If you noticed one of the following ERRORs in the EMS log file:

SEVERE ERROR: Exception trying to read message from store
ERROR: Exception trying to create message from store: IO failed
SEVERE ERROR: Exception trying to create valid messages record, Invalid message.
SEVERE ERROR: Persisted message possibly corrupt.
SEVERE ERROR: Exception trying to create valid messages record, Invalid message

Or you noticed "javax.jms.JMSException: Corrupted incoming data message" with your client then you have a corrupted message problem.

Sometimes, you may noticed that messages are piled up on the server due to the application cannot handle corrupted message properly.

2. CRC and datastore record:

For each record in our datastore, there is a record header part and a record body part, which is EMS message and includes EMS header. So that there are two level of CRC, record header CRC and record body (message) CRC.
Also, each record can be either a user data message record, or an internal record.

3. If a record is corrupted for any reasons, what is the result?

The result will be different depending on which part of the record is corrupted and what kind of record is corrupted.

A. The record message part is corrupted:

-- If CRC is disabled, for application date message records (customer's EMS messages), then if a message cannot be reconstructed from the store, the message will not make it to the system, so there is no issue with consumer receiving this message, just as the message does not exist.

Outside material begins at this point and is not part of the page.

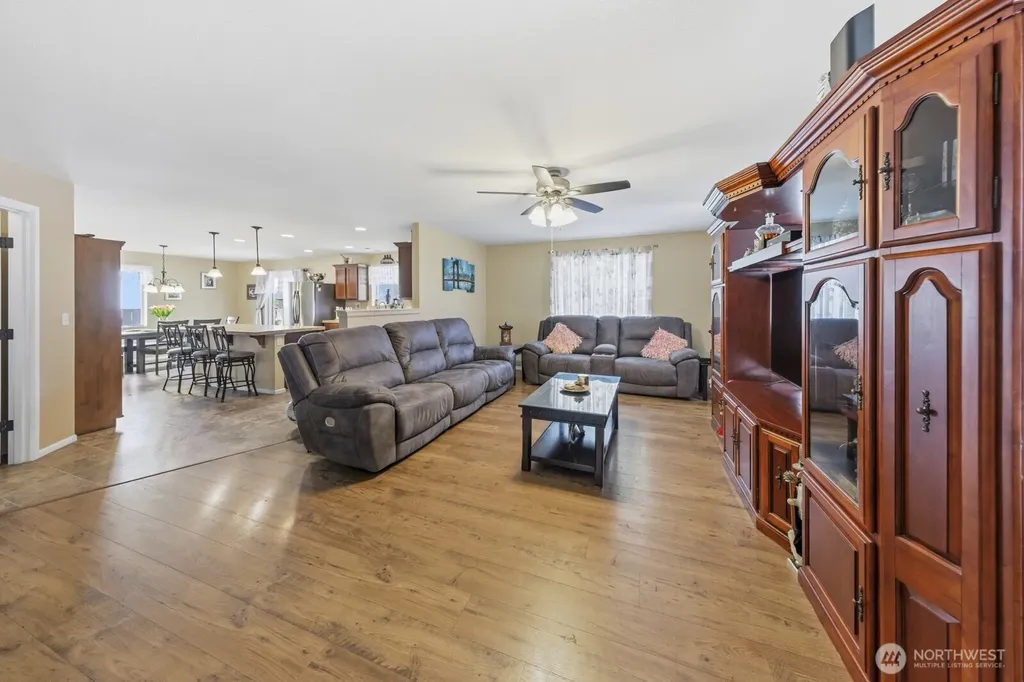 16475 SE Greenbrier Street Yelm WA 98597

However, any record that cannot be reconstructed due to corruption will cause the server to give up on the current record type recovery (there is a recovery pass per record type: connection, session, producer, consumer, etc... and also for application messages from the two stores:

async and sync) but still become active. This kind of corruption will have the same effect as having file_crc enabled since the result is the same: bad record ignored but recovery of the remaining records of the same type is stopped, and the server still becomes active.

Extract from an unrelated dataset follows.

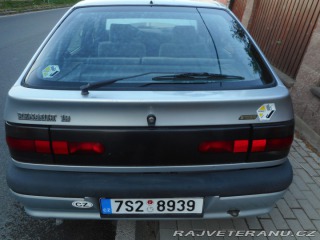 Renault 19 RN 1995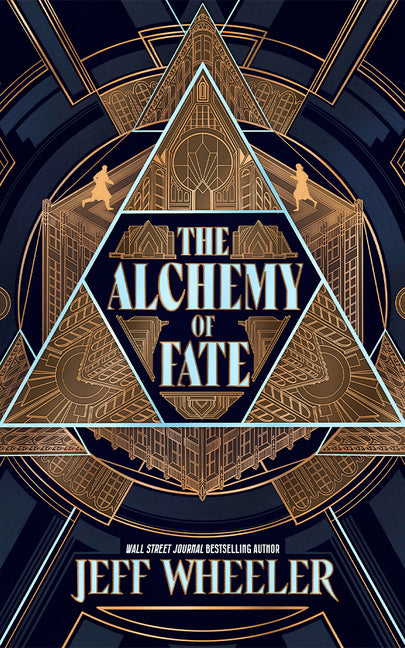 Alchemy of Fate - Ingram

CRC is disabled (file_crc disabled), the server may startup ok if the corruption is not preventing the server from reconstructing the message, but the corruption could cause potential issue for consumer to receive this message and construct it from wire format. This could cause application to get an exception, or even crash; or cause the application to receive wrong data.

-- If CRC is enabled (file_crc  = enabled) EMS server starts up, it will compute the CRC after loading the record and compare it with the one being stored. If it is different (a corresponding corruption for the message occurred), then an error is reported in EMS server log. You will notice one of the above ERRORs. When EMS server gets such error, it will cause the server to stop the messages recovery, which means that the rest of other valid messages would not be recovered. 


B. The record header part is corrupted:

-- If the data is a user application data, the application will lose the data.
-- If the data is an internal record, it depends on the content of the record, the result could be very serious. (for example if a consumer record for a durable subscriber is lost them the server cannot recover messages for that durable).


4. Solution:

In the case of that the customer messages are corrupted, but server sends the corrupted messages to the client, and the client cannot handle the corrupted messages, to get rid of the corrupted message you can:

A. If you enable the "track_message_ids" then you can run tibemsadmin command delete message <messageID>

B. For queue messages, you could set maxRedelivery=<value>, and set pre-fetch=none property, and run DestroyQueueMsg.java, this code explicit ACK and do not confirm the messages that need to be removed.

C. Purge the messages, that is the entire destination containing the corrupt message.

Since EMS 5.0, error recovery policy has been added into EMS server.  With default option, the EMS 5.0 server will exit startup completely when it detects an error due to file corruption or other. This gives the user a chance to decide what to do.  EMS 5.0 introduced '-forcestart' command line option that changes this behavior to strive to go active regardless of the error.  When this flag is used, the server will delete bad records so that during the next start, the flag should not be necessary.  Furthermore, the server will act as if it did not find the record to prevent corruption of its run-time state.  For details, please refer to EMS User's Guide: Chapter 5 Running the EMS Server: Error Recovery Policy.


5. Possible reasons you got the corrupted messages:

A. A hardware problem on the disk: Media error
B. Forced unmount of a physical disk when the disk is in use, or a hard disk in operation have been unplugged
C. Locking problem, the record in the db file is modified by different applications/threads of the application at the same time.
D. EMS server receives a corrupt message.
E. The machine was terminated abruptly. (A running system in operation have been unplugged, a fire or an explosion occurred.)
F.  Vmotion, Snapshots/VM shifts 

Issue/Introduction

If the message in the datastore is corrupted, what is going to happen?

Environment

All